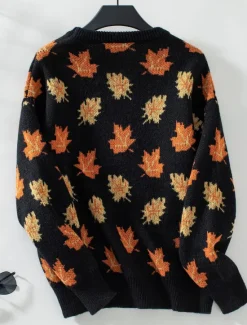 Hot Women's Sweater Casual Graphic Crew Neck Print Long Sleeve Regular Tops Knit Weekend Black Green Fall Winter Women Pullovers & Tops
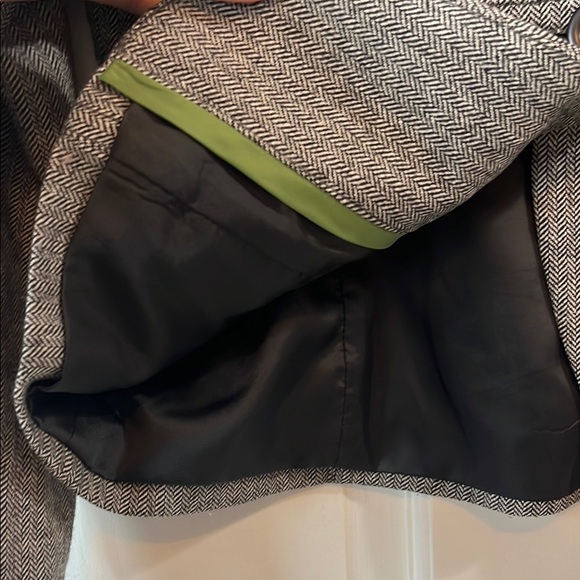 Y2k Fossil Gray Tailored Wool Blend Blazer with Notched Lapel - Size Small - Picture 6 of 14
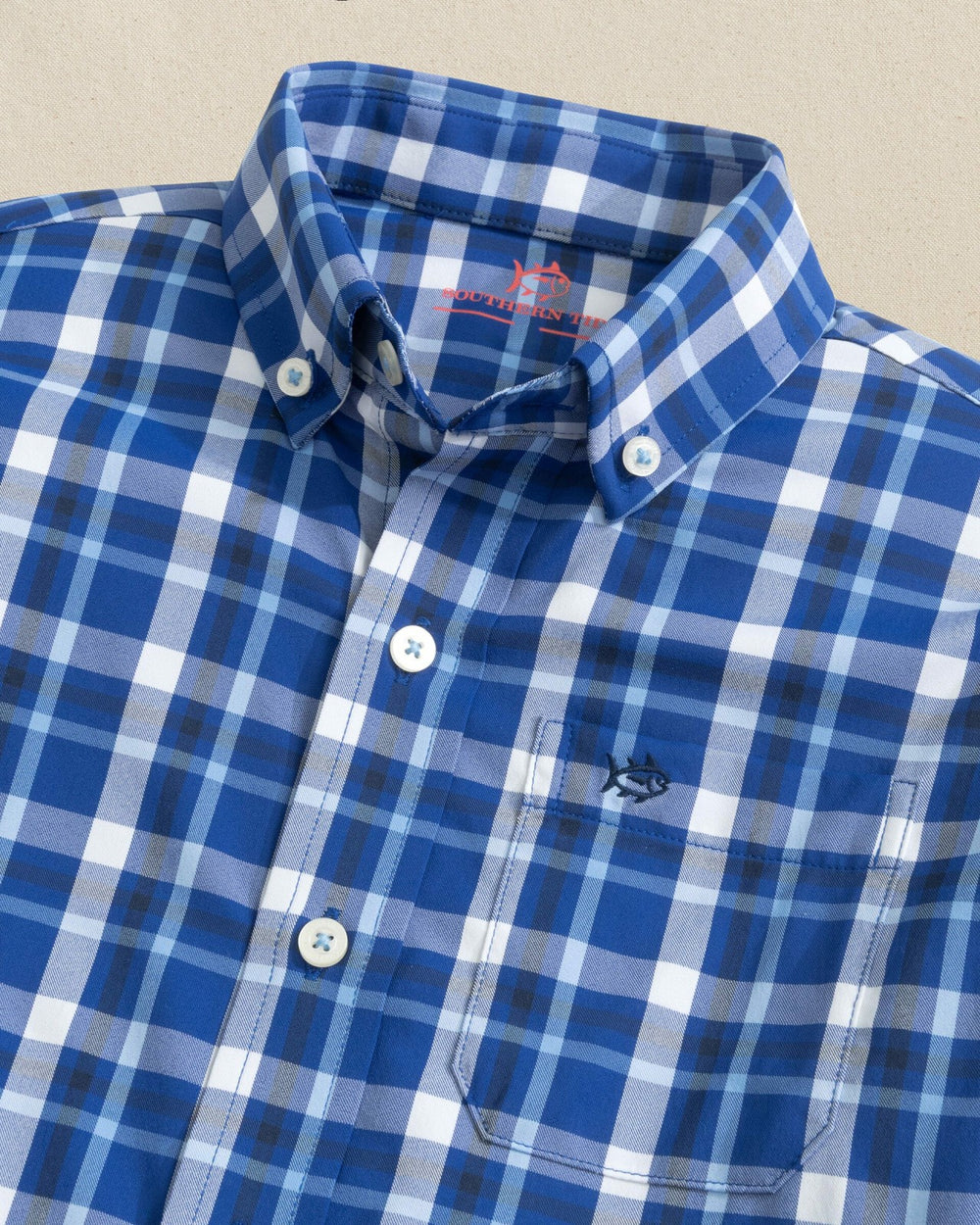 Boys River Ridge Plaid Long Sleeve Sport Shirt - Blue Southern Tide Bargain
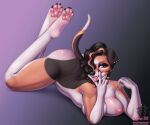  anthro big_breasts breasts canid canine canis collar domestic_dog female fur gesture hair hair_over_eye hi_res lying mammal multicolored_body multicolored_fur nipples nude on_front one_eye_obstructed reina. solo spiked_collar spikes suggestive suggestive_gesture tongue tongue_out 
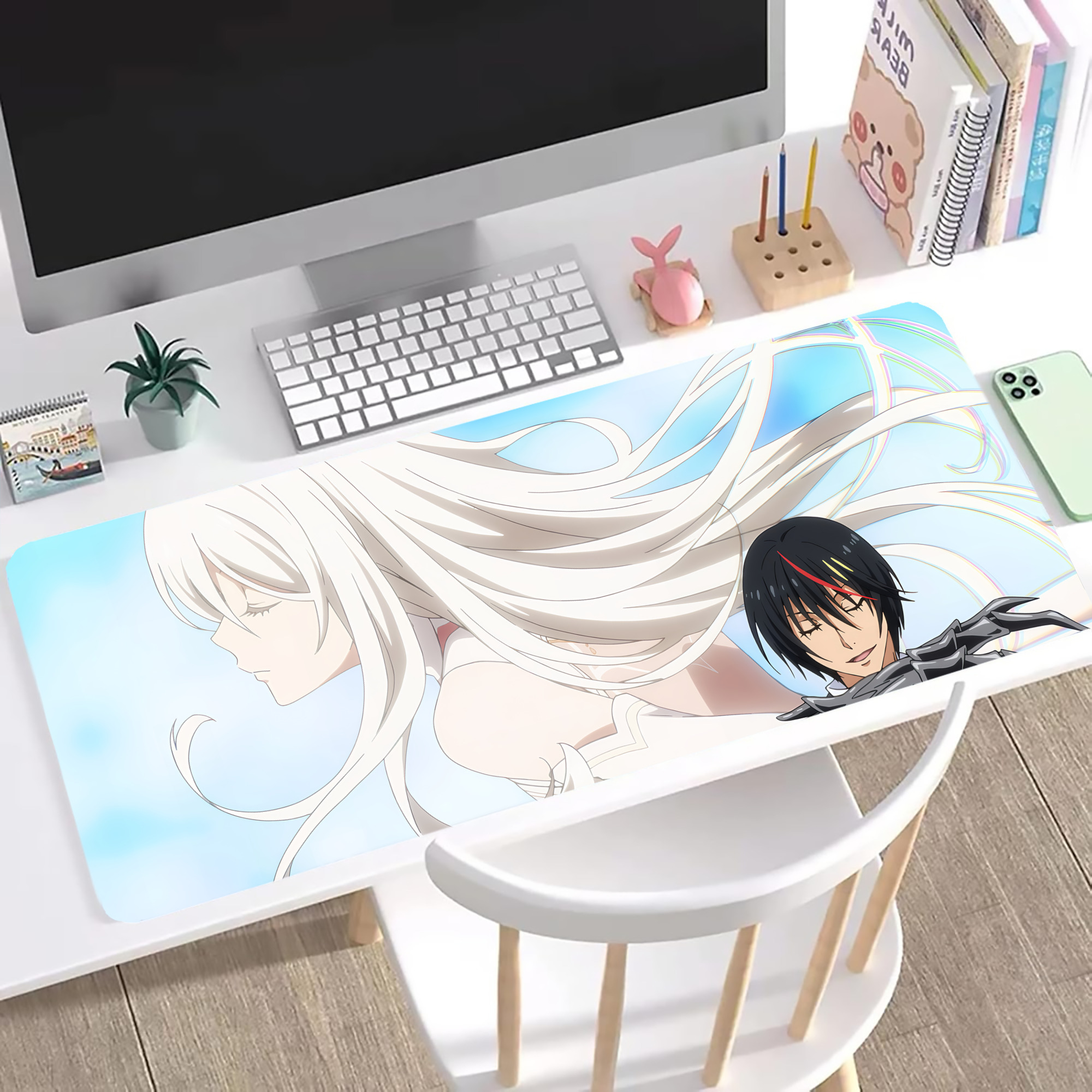 （画像用） 転スラ Regarding Reincarnated to Slime ステッチ加工 大判デスクマット／滑り止めマウスパッド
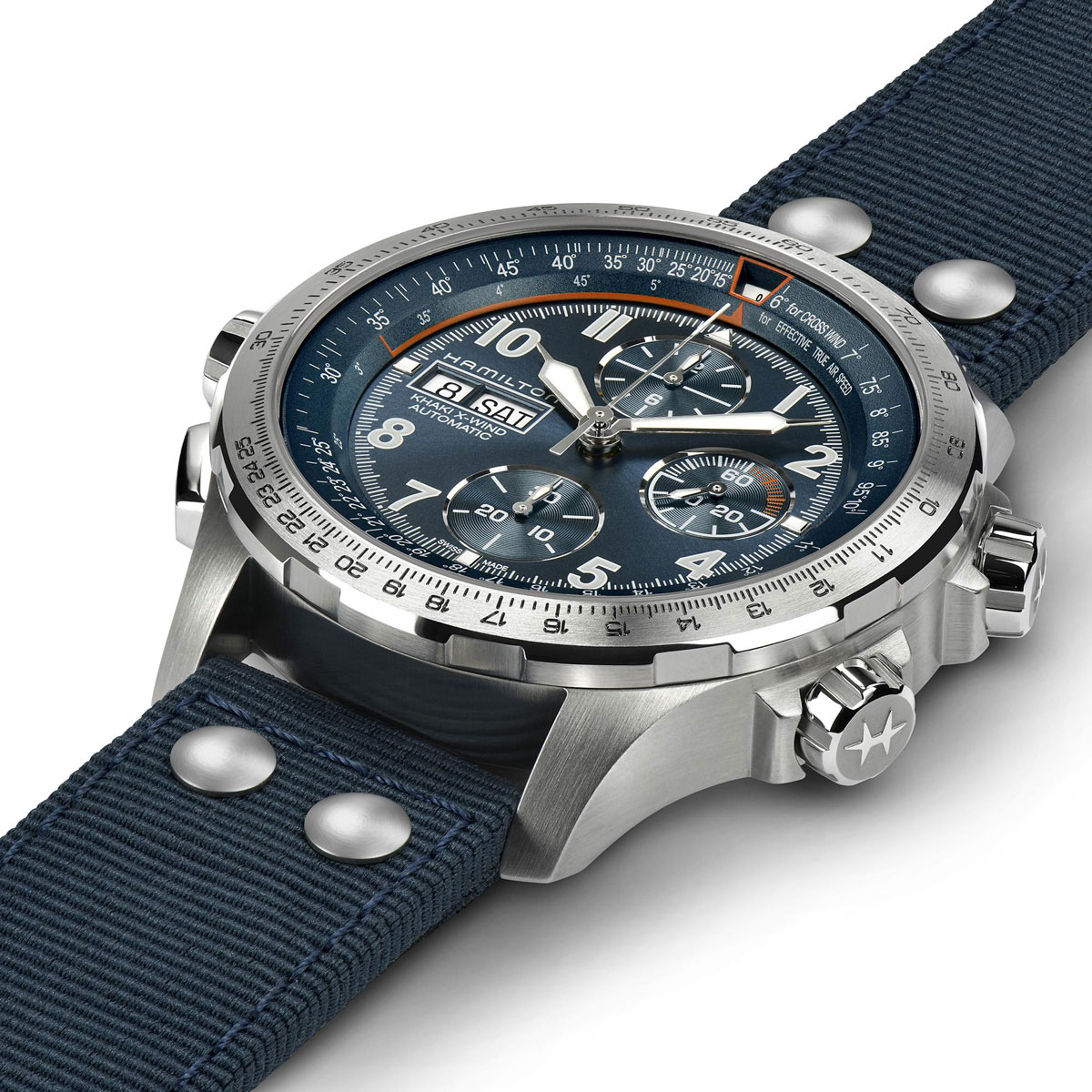 Hamilton Khaki Aviation X-Wind Auto Chrono 45mm Watch, Blue Dial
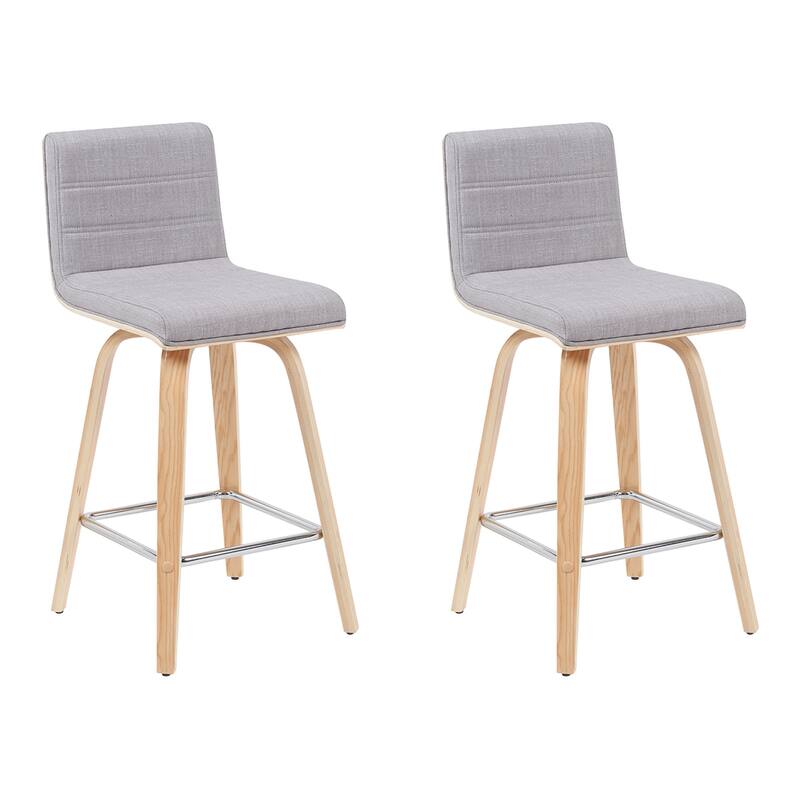 Skara Mid-Century Swivel Counter Stool, Upholstered Counter Height Chair with Bentwood Legs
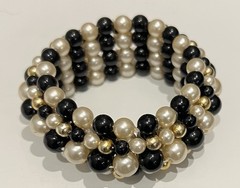 Vintage Faux Pearl Gold & Black Stretch Band Bracelet Fits All
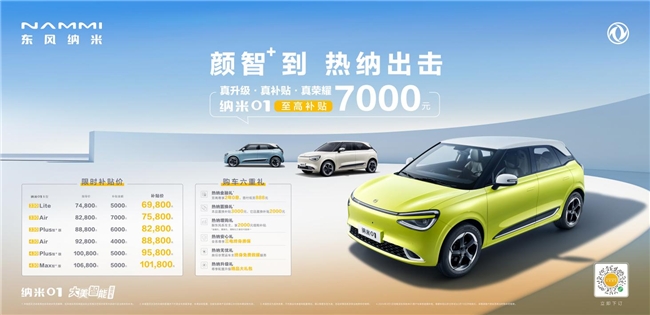 接住這潑天富貴！東風(fēng)納米01至高補(bǔ)貼7000元，新款智+版增配降價(jià)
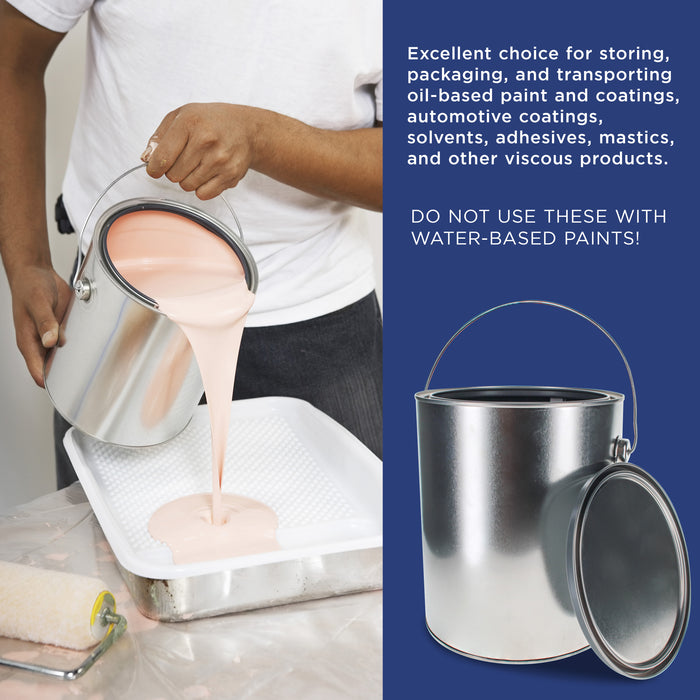 1 Gallon Unlined Empty Metal Paint Can Bucket with Lids, Bail Handles, Pack of 2 - Triple Tight Seal, 128 fl. oz. Steel Coating Storage Container Tin - Store Leftover Oil-Based Paint Auto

★ ★ ★ ★ ★

EXERCISE BRIEF: Word for word, write out each line from the one with "Slime ステッチ加工 大判デスクマット／滑り止めマウスパッド" through the end of the entries above, and omit any pictures.

OUTPUT:
 （画像用） 転スラ Regarding Reincarnated to Slime ステッチ加工 大判デスクマット／滑り止めマウスパッド
 Hamilton Khaki Aviation X-Wind Auto Chrono 45mm Watch, Blue Dial
 Skara Mid-Century Swivel Counter Stool, Upholstered Counter Height Chair with Bentwood Legs
 Vintage Faux Pearl Gold & Black Stretch Band Bracelet Fits All
 接住這潑天富貴！東風(fēng)納米01至高補(bǔ)貼7000元，新款智+版增配降價(jià)
 1 Gallon Unlined Empty Metal Paint Can Bucket with Lids, Bail Handles, Pack of 2 - Triple Tight Seal, 128 fl. oz. Steel Coating Storage Container Tin - Store Leftover Oil-Based Paint Auto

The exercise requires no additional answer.